#### Listed records
----------

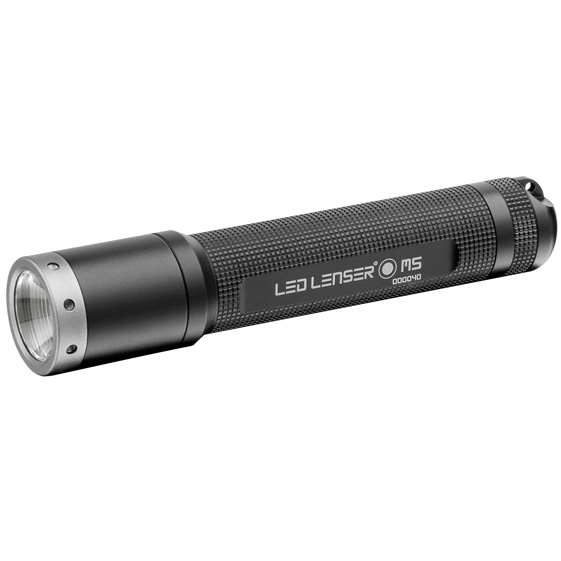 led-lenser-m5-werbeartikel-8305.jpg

----------

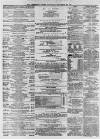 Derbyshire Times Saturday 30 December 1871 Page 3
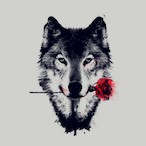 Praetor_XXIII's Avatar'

----------

#### Your assignment
Every line above between the one containing "Derbyshire Times Saturday" and the one containing "Praetor_XXIII's Avatar'", those two included, is to be printed exactly. No pictures go into the copy.

#### Solution to the exercise
 Derbyshire Times Saturday 30 December 1871 Page 3
 Praetor_XXIII's Avatar'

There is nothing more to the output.